--- Task statement ---
Each record must be returned exactly, apart from the pictures, which stay out.

***** Task inputs *****

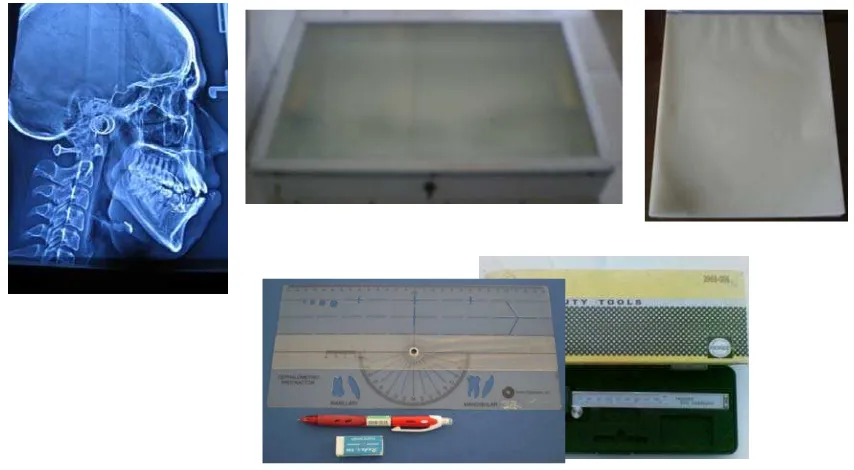 Gambar 7. Alat dan bahan yang dipakai dalam penelitian (arah jarum jam) : 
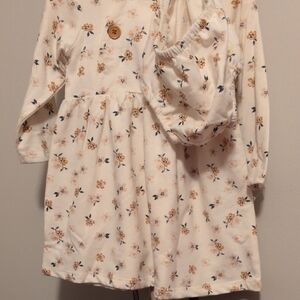 Chick Pea Floral Kids Dress - Cream and Brown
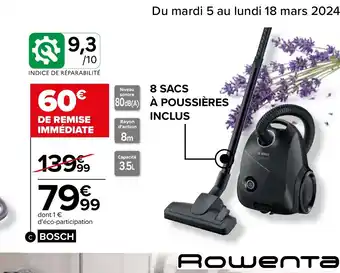 Carrefour Aspirateur avec sac offre
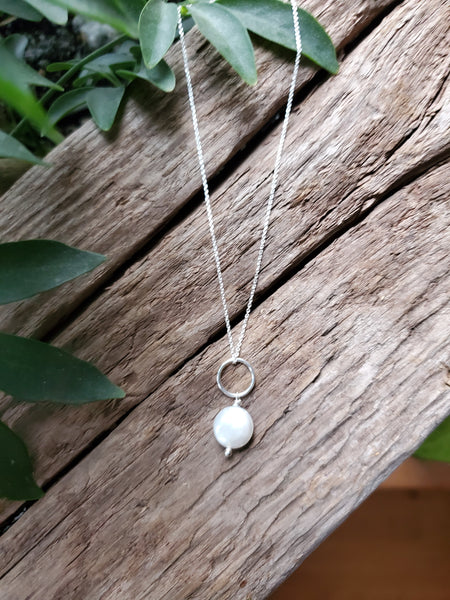 Silver Pearl Drop Necklace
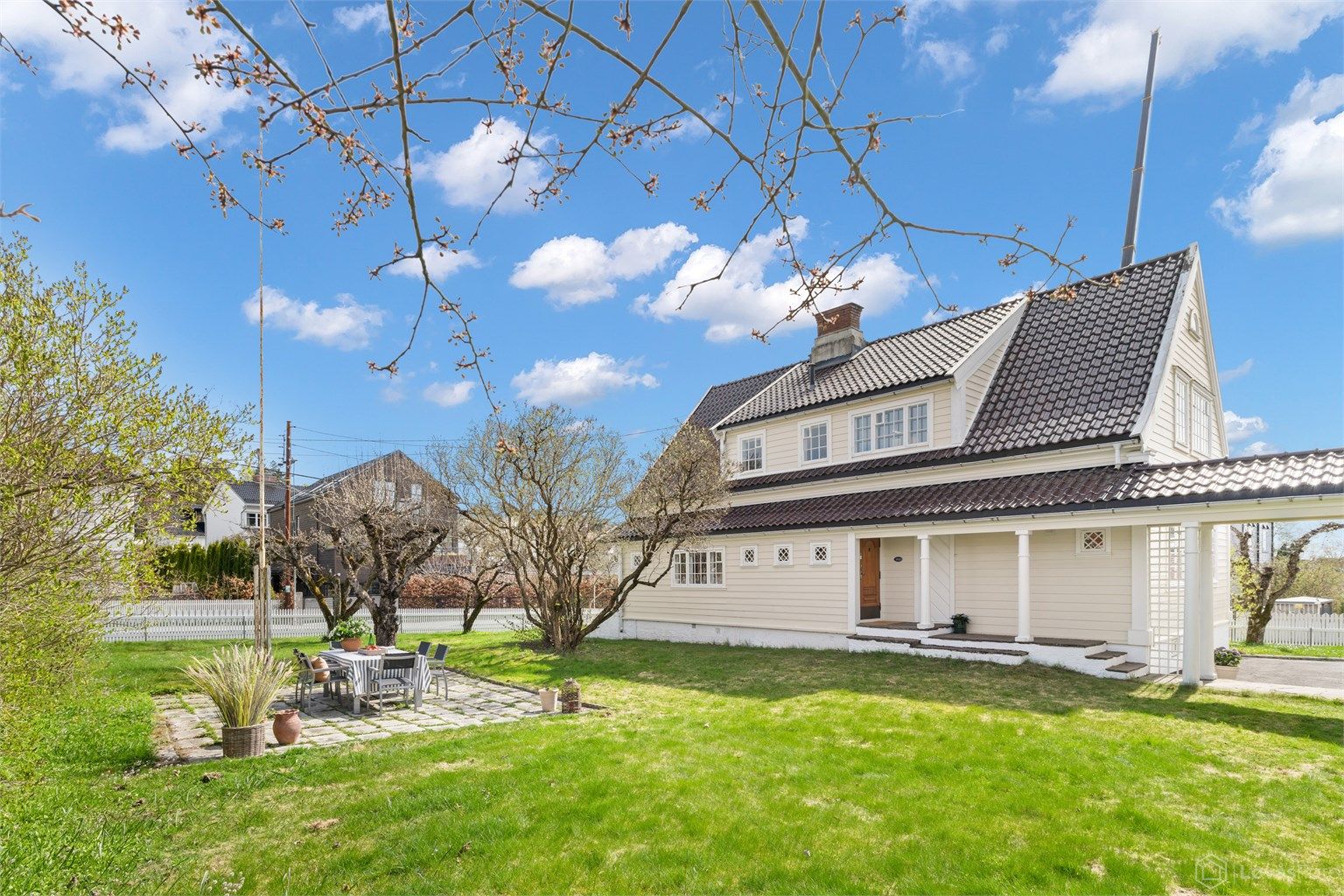 Forholdsvis flat tomt som er pent opparbeidet med bl.a. stort plenareal, markterrasse, frukttrær og beplantning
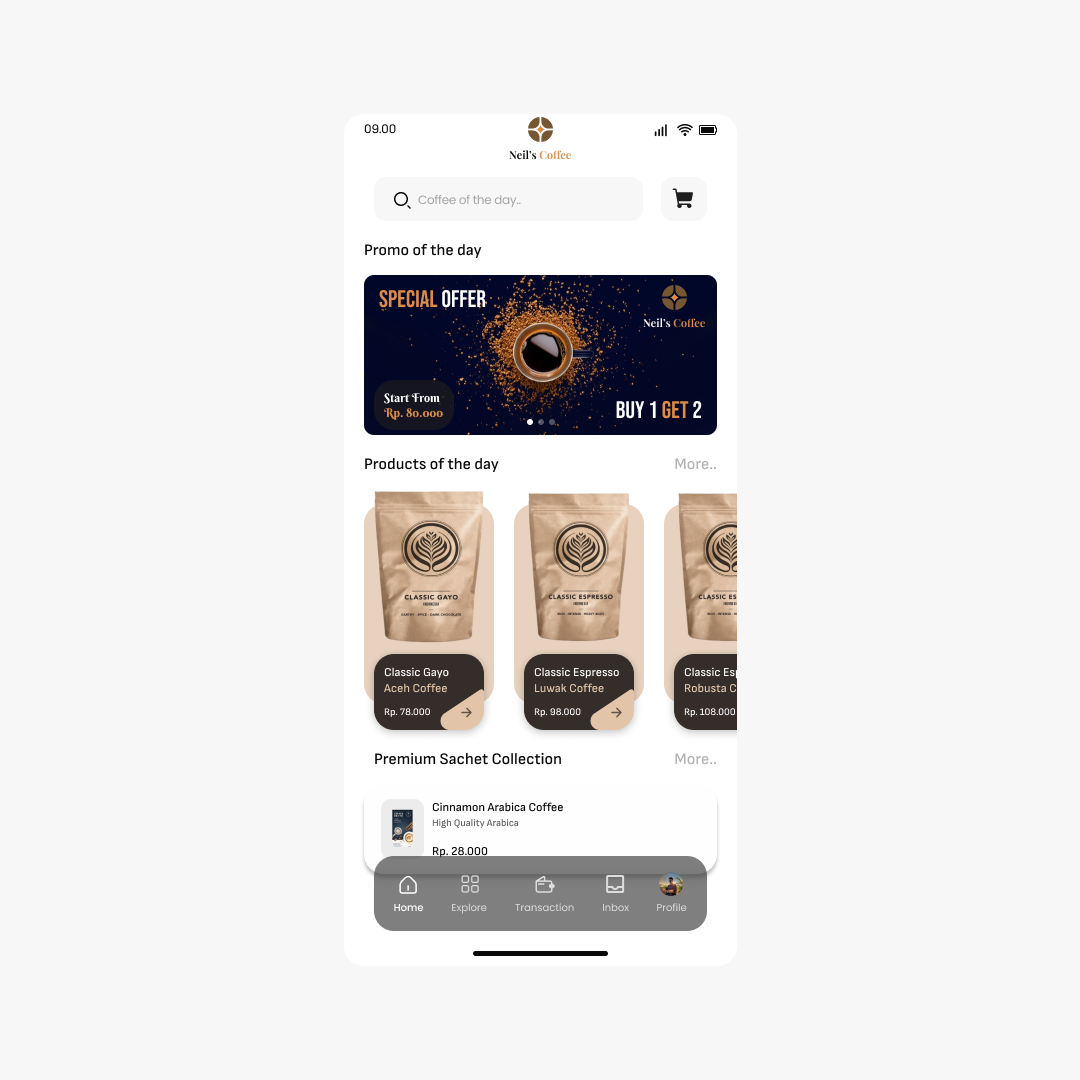 UI ux UI/UX ux/ui app app design kopi Coffee aceh Luwak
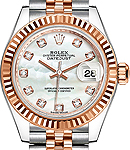 Datejust Ladies 28mm in Steel with Rose Gold Fluted Bezel on Bracelet with White Mother of Pearl Diamond Dial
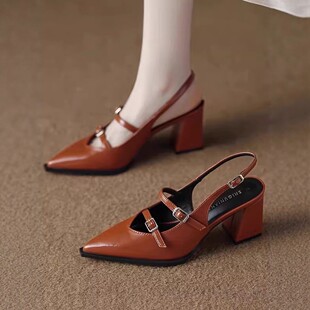 软皮法式 绝美气质包头凉拖鞋 尖头粗跟高跟凉鞋 新款 2026年夏季 时尚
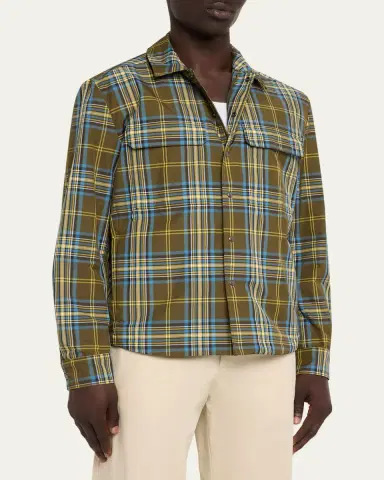 Moncler Men's Monogram Checked Nylon Shirt Jacket | Thumbnail 4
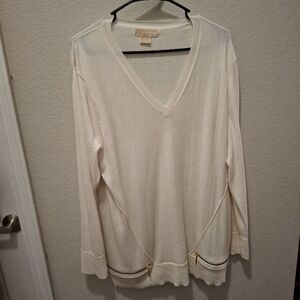Michael Kors 1X Cream V-neck Gold Zipper Accent Knit Pullover Sweater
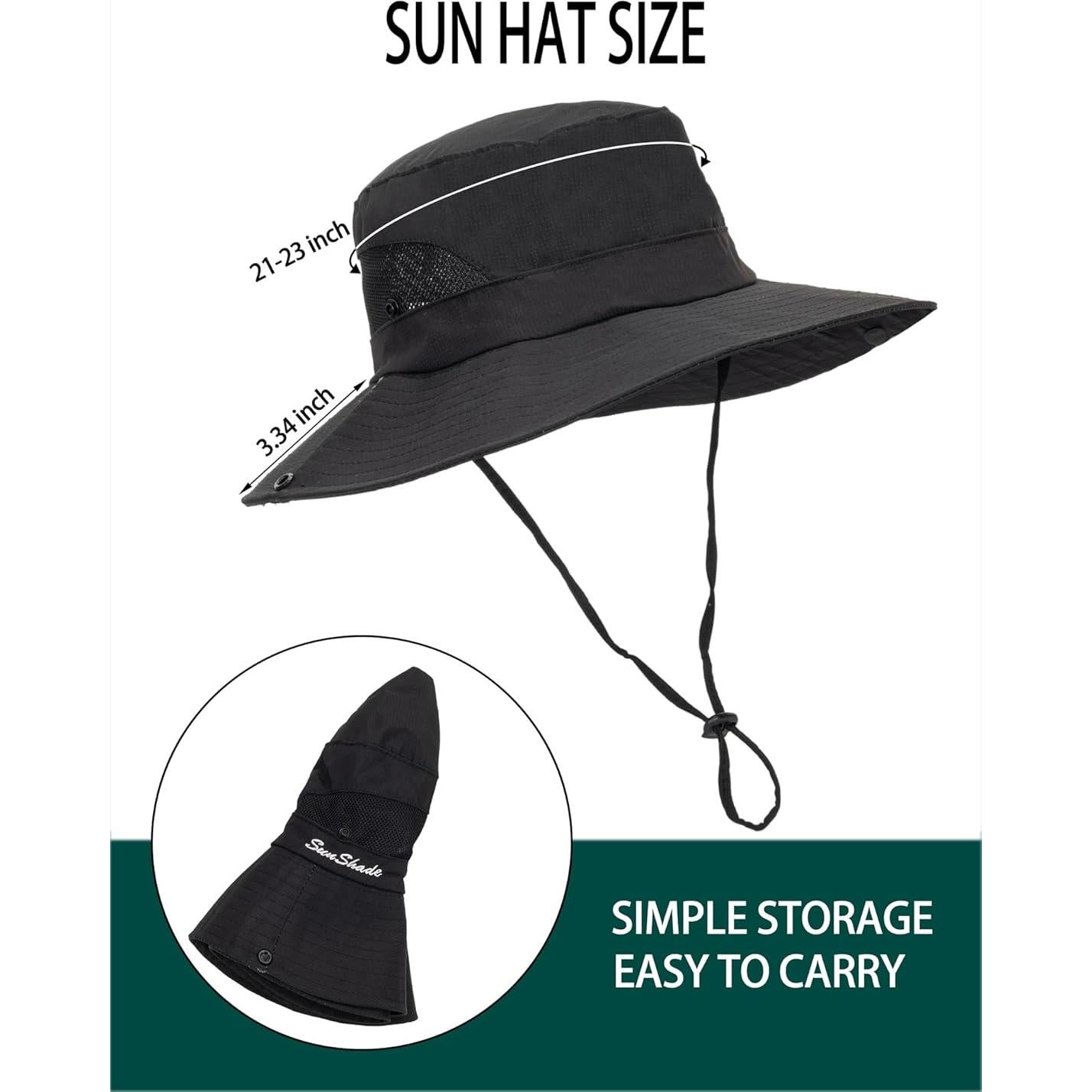 Sombrero de Verano Plegable para Mujeres - Protección UV - Negro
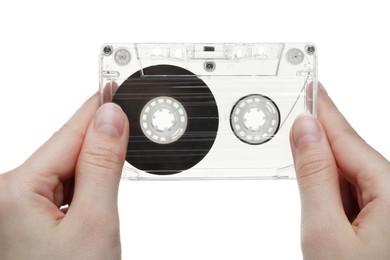 Photo of Woman with audio cassette on white background, closeup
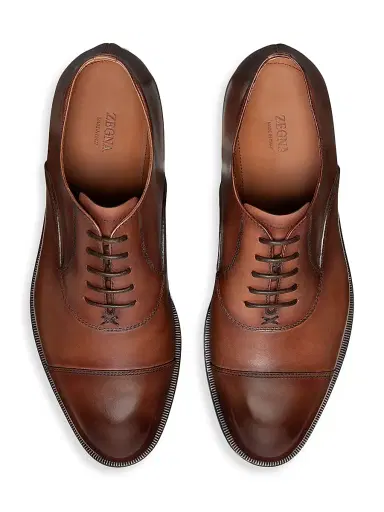 ZEGNA Men's Leather Torino Oxford Shoes - Light Brown | Thumbnail 5 ZEGNA Men's Leather Torino Oxford Shoes - Light Brown | Thumbnail 5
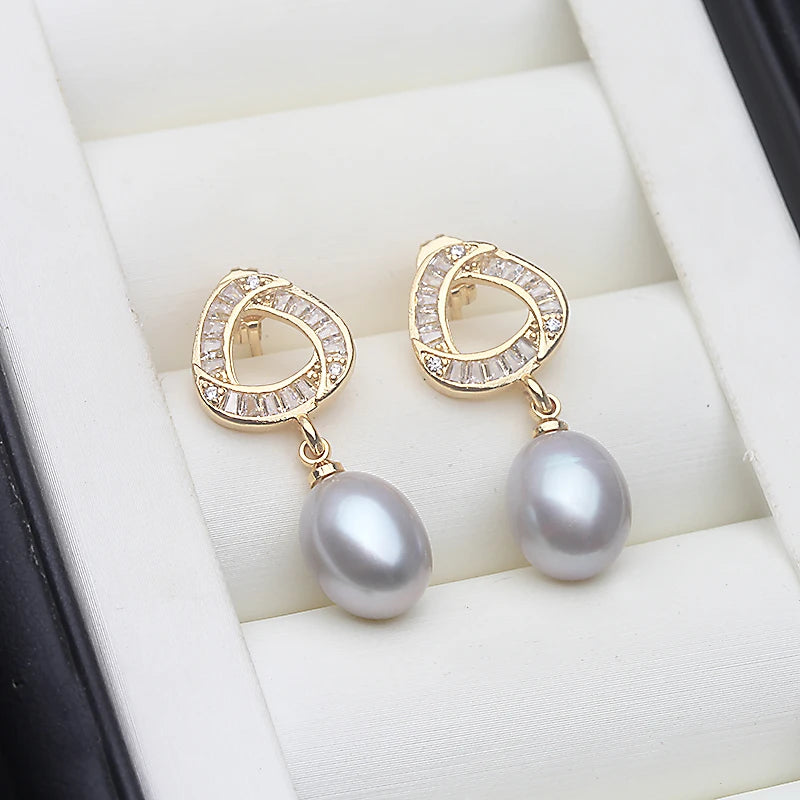 Real Freshwater Pearl Drop Earrings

*****

--- Task solution ---
 Gambar 7. Alat dan bahan yang dipakai dalam penelitian (arah jarum jam) : 
 Chick Pea Floral Kids Dress - Cream and Brown
 Carrefour Aspirateur avec sac offre
 Silver Pearl Drop Necklace
 Forholdsvis flat tomt som er pent opparbeidet med bl.a. stort plenareal, markterrasse, frukttrær og beplantning
 UI ux UI/UX ux/ui app app design kopi Coffee aceh Luwak
 Datejust Ladies 28mm in Steel with Rose Gold Fluted Bezel on Bracelet with White Mother of Pearl Diamond Dial
 软皮法式 绝美气质包头凉拖鞋 尖头粗跟高跟凉鞋 新款 2026年夏季 时尚
 Moncler Men's Monogram Checked Nylon Shirt Jacket | Thumbnail 4
Michael Kors 1X Cream V-neck Gold Zipper Accent Knit Pullover Sweater
 Sombrero de Verano Plegable para Mujeres - Protección UV - Negro
 Photo of Woman with audio cassette on white background, closeup
 ZEGNA Men's Leather Torino Oxford Shoes - Light Brown | Thumbnail 5 ZEGNA Men's Leather Torino Oxford Shoes - Light Brown | Thumbnail 5
 Real Freshwater Pearl Drop Earrings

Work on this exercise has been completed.